The Rotary Club paid for their flight, and Moses has been splitting his time among Rotary members' homes in the Twin Cities.

He has already been to the eye doctor, where he received a new pair of prescription glasses. He had a dental appointment and expects to go back again before he leaves.

Schley said seeing Moses again years later has been "tearjerking." She said she believes he is on track to accomplish his dreams of becoming an "actor-musician-businessman."

"And he will," she said. "He now has goals that he couldn't have had before because he has an education."

Paul Mooty, a Rotarian and chief financial officer of Faribault Woolen Mill Co., called Moses' story "one of the most, if not the most significant and touching Edina Rotary efforts."

Mooty spent some time Wednesday with Moses, taking him on a tour of the Faribault plant and shepherding him around the Mall of America.

Moses ate some fried chicken and fries at the mall — two of his favorite American foods, Mooty said — and later hopped on the rides, where he got soaked from multiple go-rounds on the water log ride.
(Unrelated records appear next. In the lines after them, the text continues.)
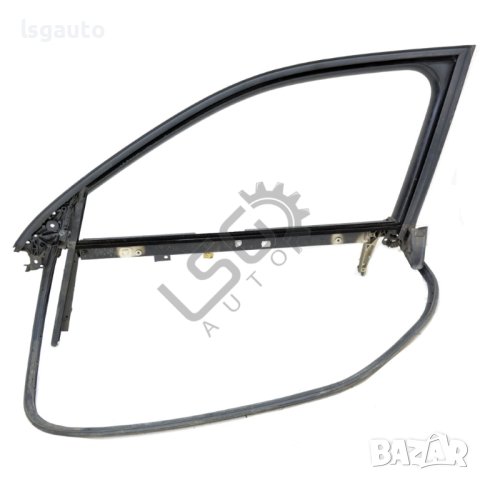 Рамка предна лява врата AUDI A4 (B6) 2000-2004 ID:100096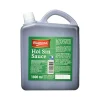 Salsa Hoi Sin - 1800ml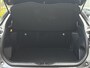 Toyota Yaris Cross 1.5 Hybrid Dynamic STOEL/STUURVERWARMING APPLE/ANDROID BLIND-SPOT EL-SPIEGELS TREKHAAK PARK-SENSOREN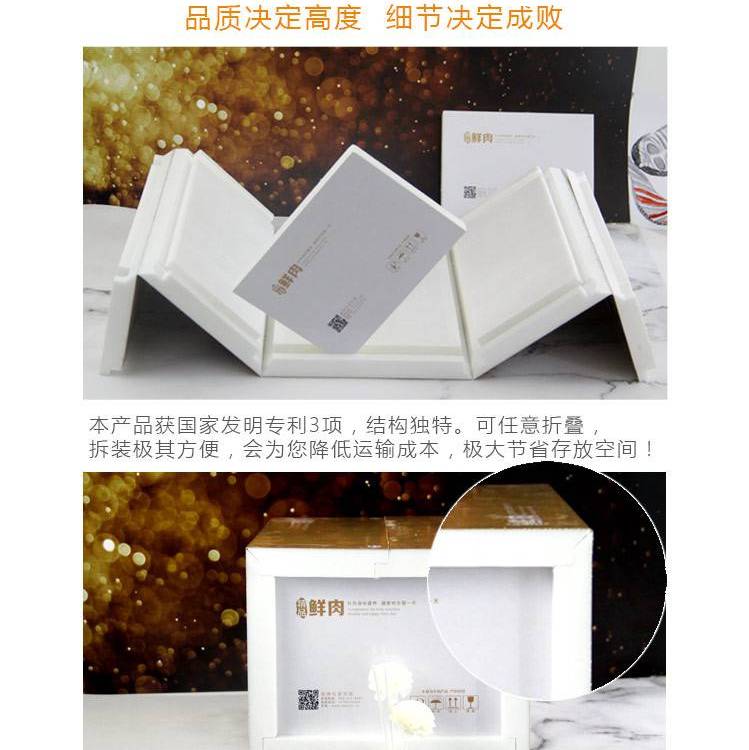 (yng)ܶȼ{ۯBĭ䡢rӹO(sh)KC1200Dܰ_ۙC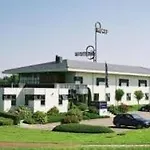 Hotel Bastion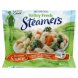 Green Giant Create A Meal! valley fresh steamers pasta and vegetables with alfredo sauce Calories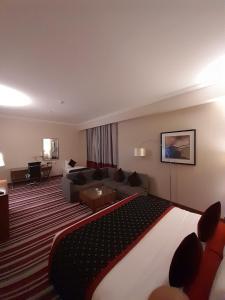 Wonder Palace Hotel Qatar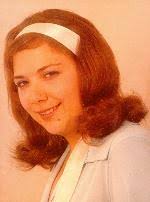 Roberta "Bobbie" Parello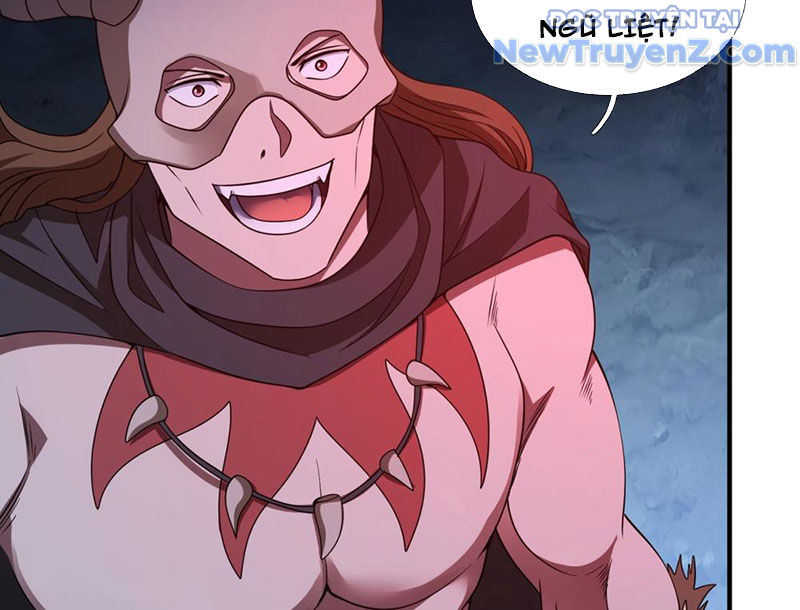 Cái Bóng Của Ta Là Loli chapter 13 - Trang 91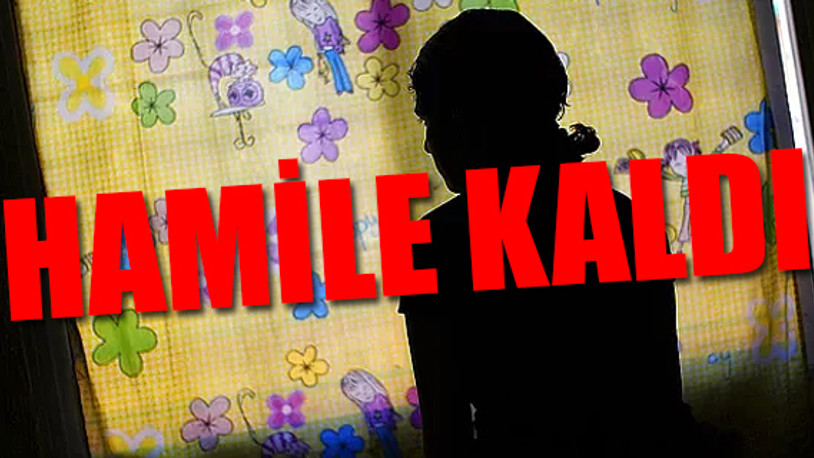 Zihinsel engelli kadına tecavüz davasında sanıklara beraat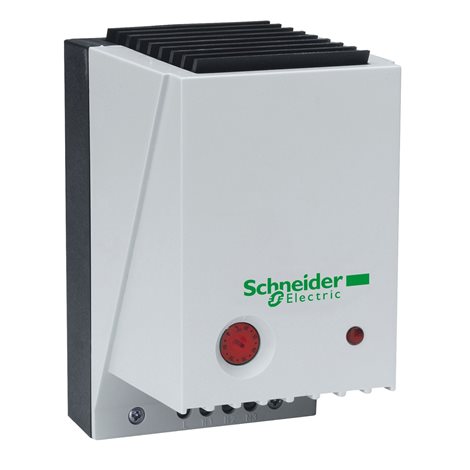 NSYCRP1W230VTVC Topné těleso, 350-550W 230V AC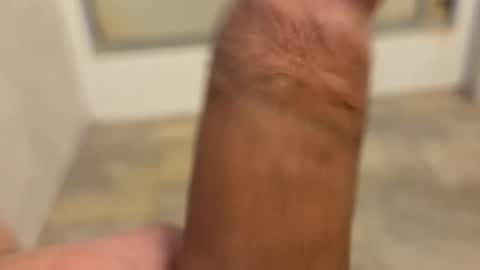 stareyes0249 online show from 01.10.26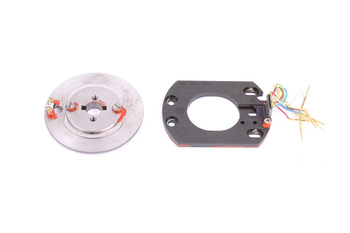 AMK16014 AMK PRO DV7-8-4-D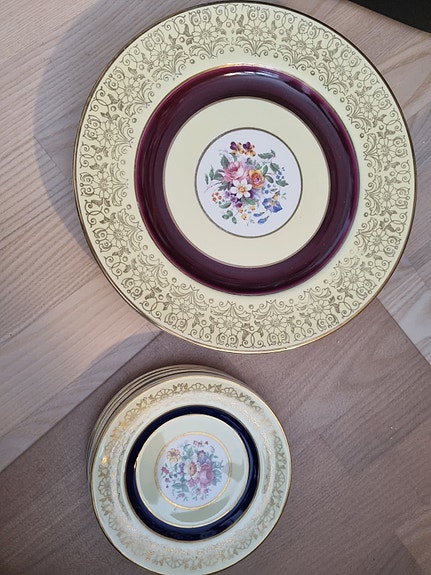 Product image 1 of 2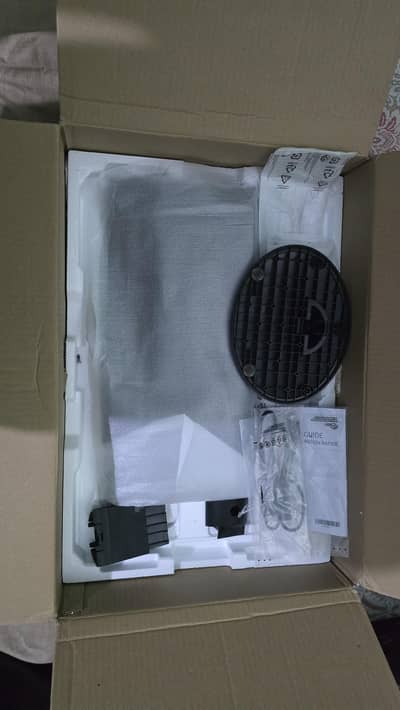 Hi gaming monitor 1920×1080 for sell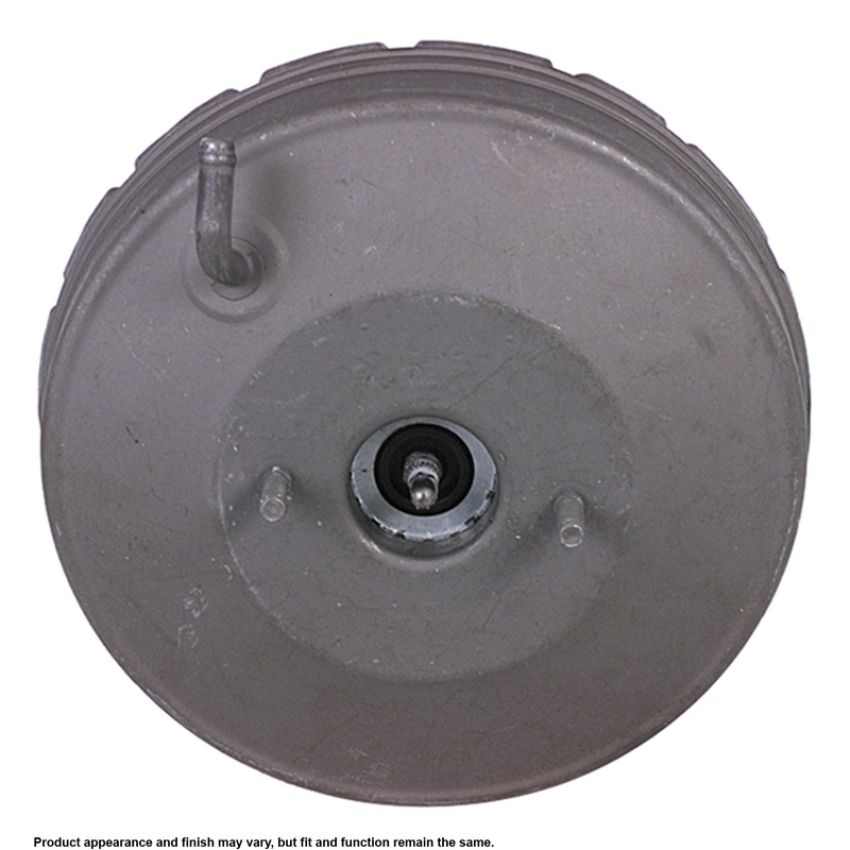CARDONE Reman 54-74560 Remanufactured Vacuum Power Brake Booster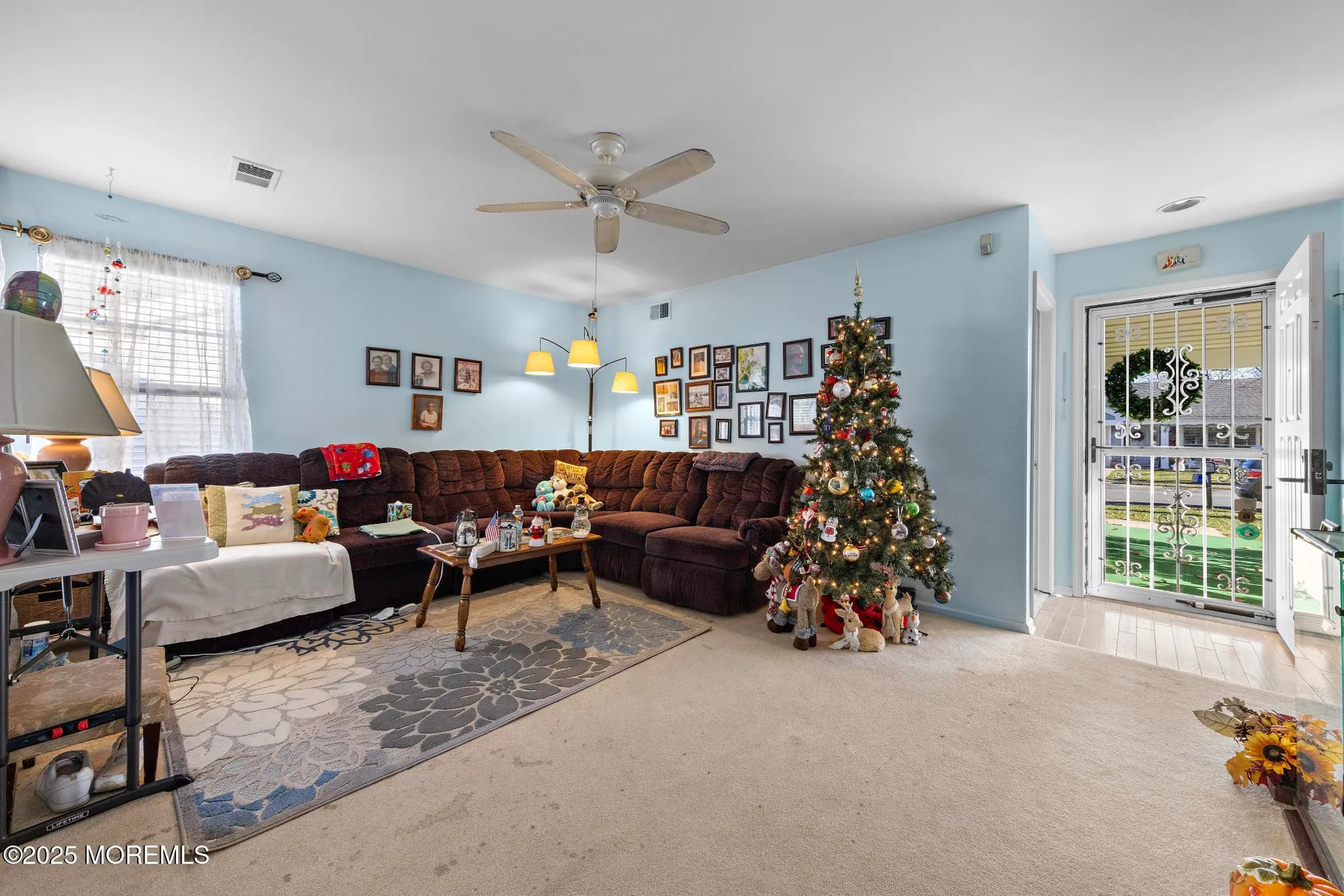 Property Slideshow image 8 of 29 | 2246 agincourt rd, Toms River, NJ, 08755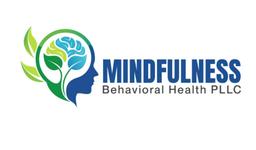 Mindfulness Behavioral Health PLLC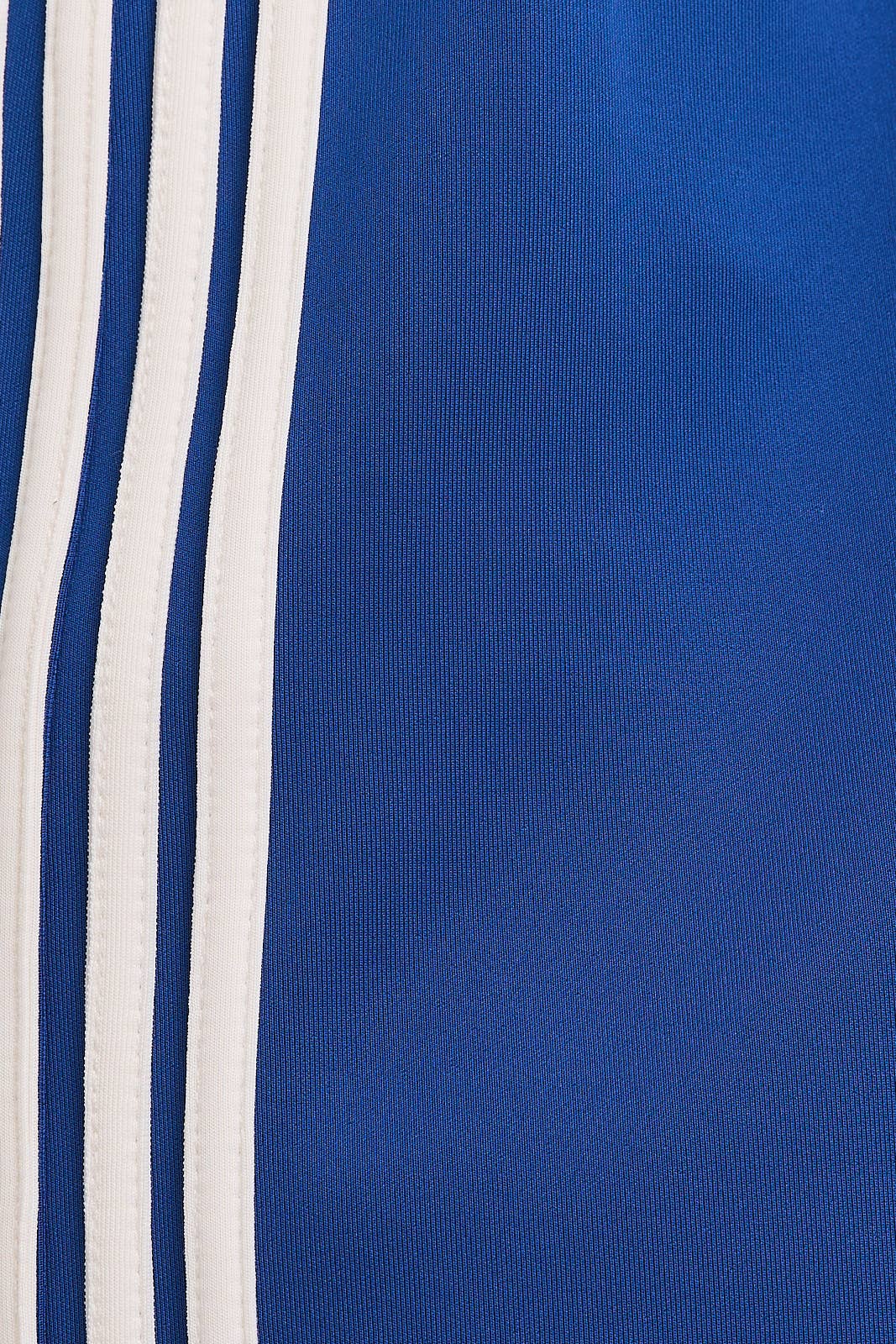 LE LIS - Wholesale Skirt - Women's - BOW DETAIL TRACK MINI SKIRT28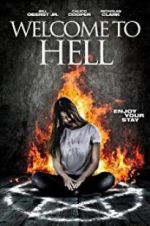 Watch Welcome to Hell Viooz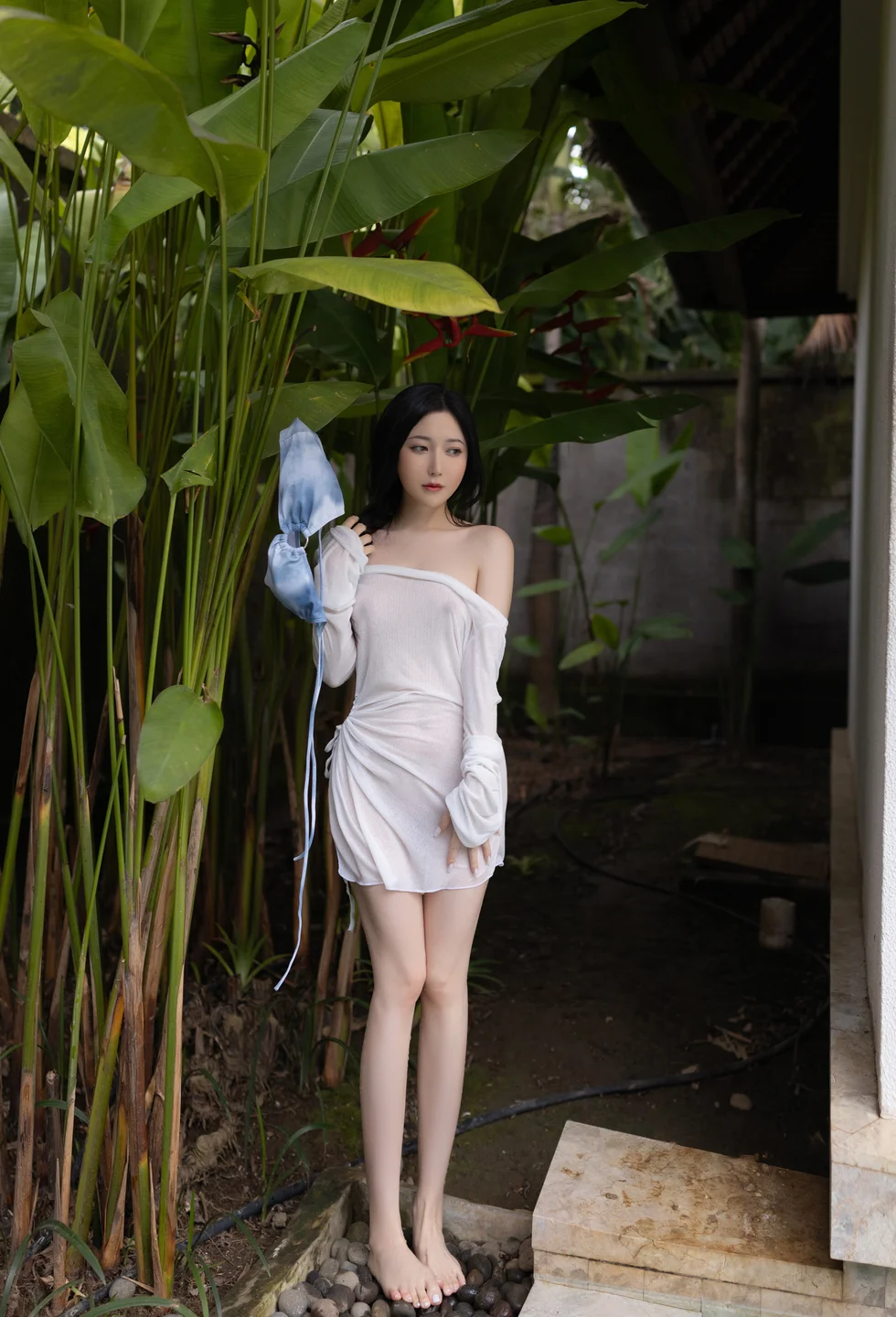 鱼子酱Fish - 清凉一夏 [120P-1.47GB] 058.webp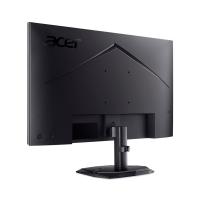 Monitors-Acer-27in-FHD-IPS-144Hz-FreeSync-Gaming-Monitor-Paper-Package-KG271P6-UM-HX1SA-601-RY0-5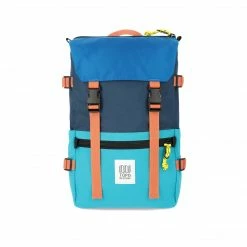 Topo Designs New Packs & Bags Rover Pack Classic 79 Topo Designs New Packs & Bags Rover Pack Classic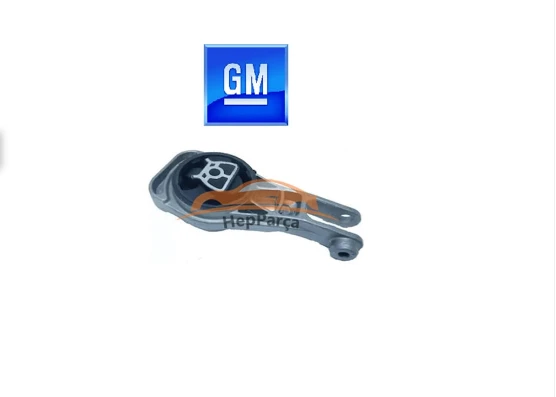 Chevrolet Trax 1.4 Turbo Arka Şanzıman Kulağı Orjinal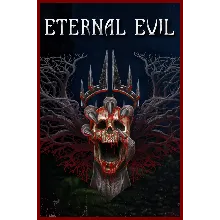 Eternal Evil Xbox Series X|S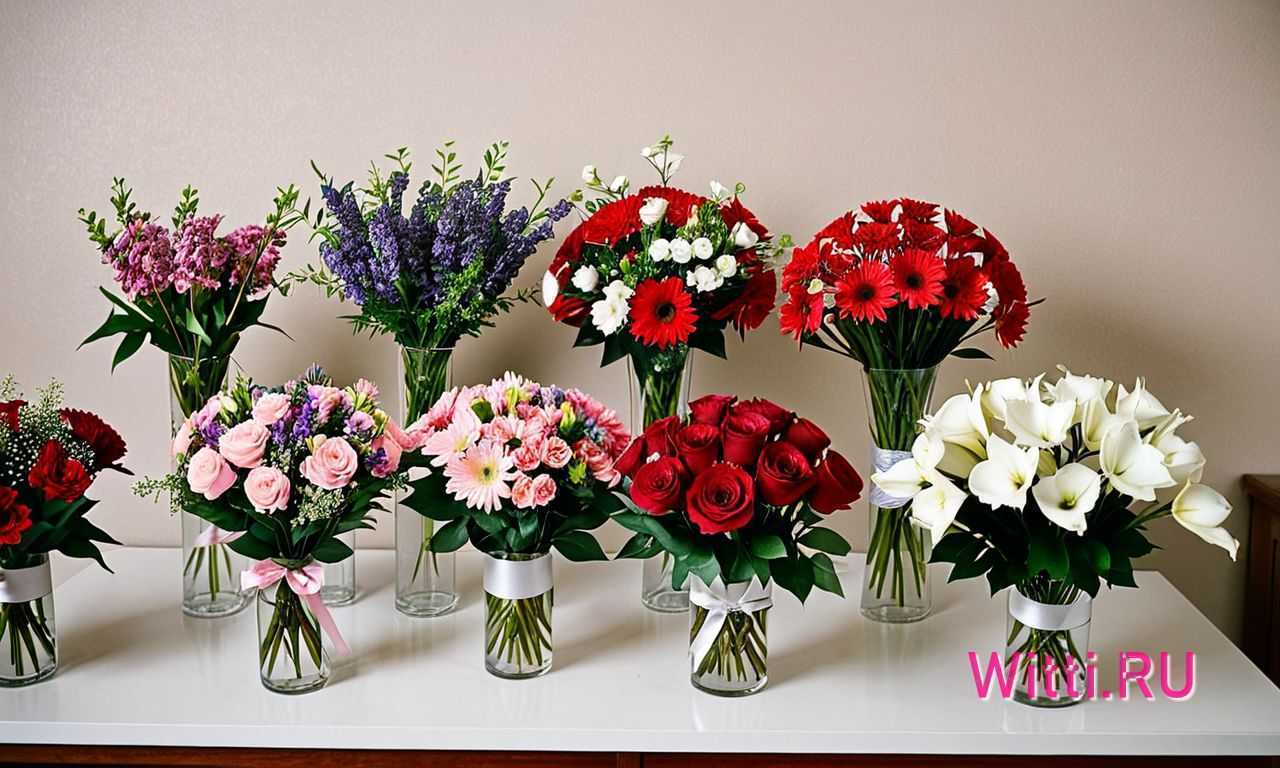 2. Удобство получения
The rest of the time, he has been doing what many 12-year-old Minnesotans do: playing video games, eating pizza and riding in utility vehicles on the snow.

How does he feel about the freezing weather?

"Bad," he said, gritting his teeth. "I almost fell on the ice."

Moses will have to brace against the cold for a little longer, though, as he plans to take skiing lessons before he returns home.